Dr. Valentín Fuster

Science, technology, medicine have made great achievements, tremendous advances to provide a higher quality of life for more people around the world.

But our modern society faces new challenges in the field of health, and the key is: scientific research for the prevention of current pandemic diseases. If these are not cut they will lead the global health system to bankruptcy.

Currently, the cost of treating the cardiovascular diseases pandemic have already soared in many countries. In a few years it will be unsustainable for any local health system.

The good news is that it is in our hands to reduce this expense and make life healthier and happier for all.

How? Raising awareness, disseminating the message of prevention and contributing philanthropically to the scientific research of health education. In short: developing the vision that a healthier and happier society without the risk of cardiovascular diseases is possible through education.

People’s generalized thought is that a heart attack will never happen to me. It might happen to all the rest, but not to me.

Dr. Fuster believes that until we globally change this way of thinking, this culture, we will continue to have a global epidemic.

Dr. Valentín Fuster began his career in scientific research on a disease that already was becoming the number one killer: heart attacks.

As a researcher, the obvious question was to get to the root of the issue: What causes a heart attack? Is it a blood clot or is it something else? So, he moved from blood clots, to what actually caused the blood clots, which is arteriosclerosis. And then he moved to what causes arteriosclerotic disease and that is: human behavior.

Human behavior is the root to solving it all, Dr. Fuster concluded.
And then again, the next natural question for Dr. Fuster was: Can we change human behavior, given a time pattern?

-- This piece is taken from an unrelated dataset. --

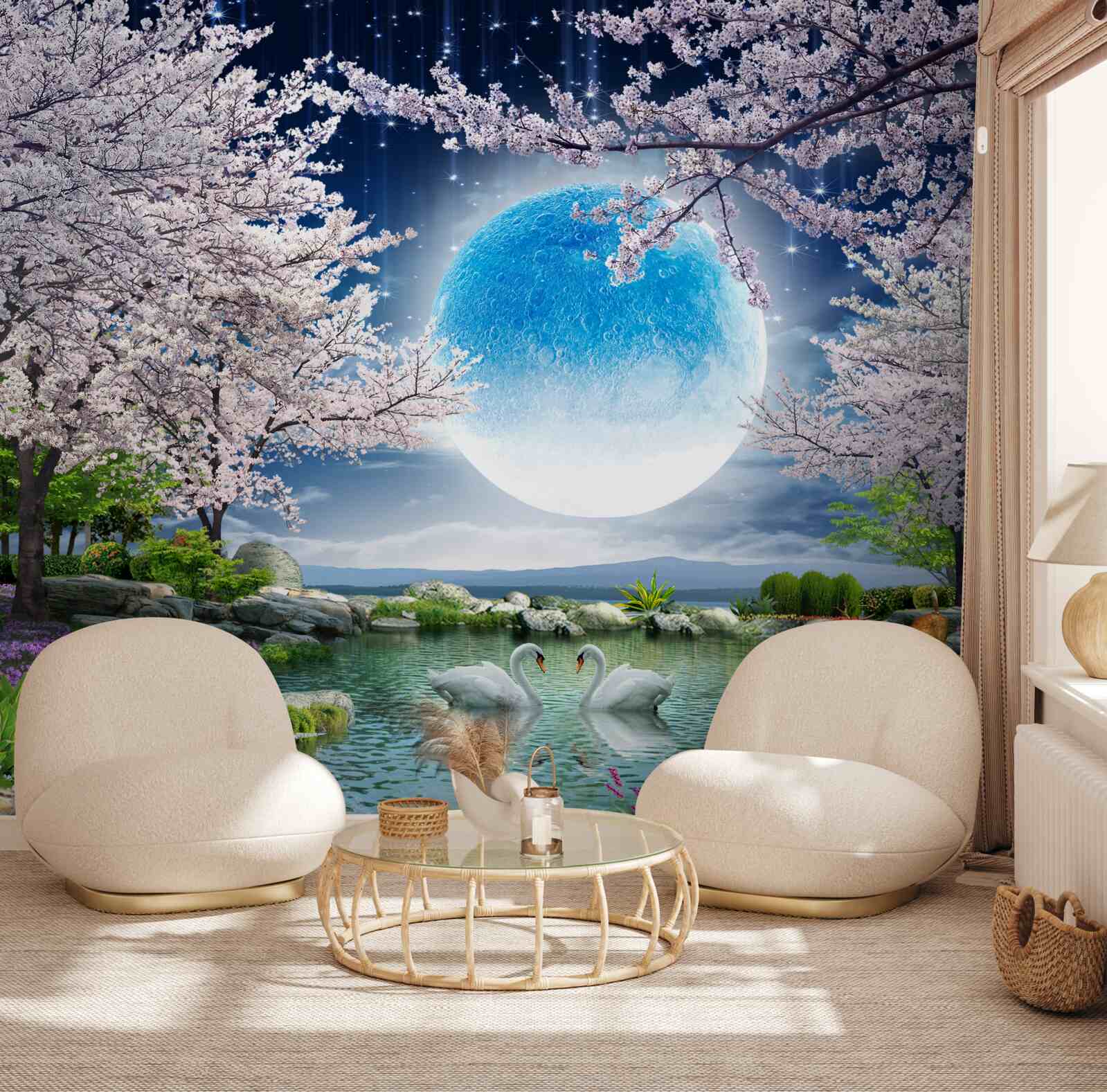 Fototapeta abstraktný modrý mesiac na pozadí jazera s čerešňovými kvetmi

The huge change in Dr. Fuster’s Vision in treating cardiovascular diseases at a global level is that by changing human behavior in time to effectively prevent cardiovascular diseases, we are no longer talking about treating the disease with huge amounts of human pain and medicines, hospital and budget resources spend but instead, we are talking human HEALTH, which makes an enormous difference.

Dr. Fuster acknowledges: “I made a transition from a researcher understanding disease to a researcher understanding health. I believe in people. I like people a lot.  To be a research scientist in a lab, isolated and not seeing patients is something that would have never worked out for me. So, from the very beginning I worked about 50% of my time in patient care and 50% in research. This has been very helpful to me, because I see the problems, and then, you may try to solve them.”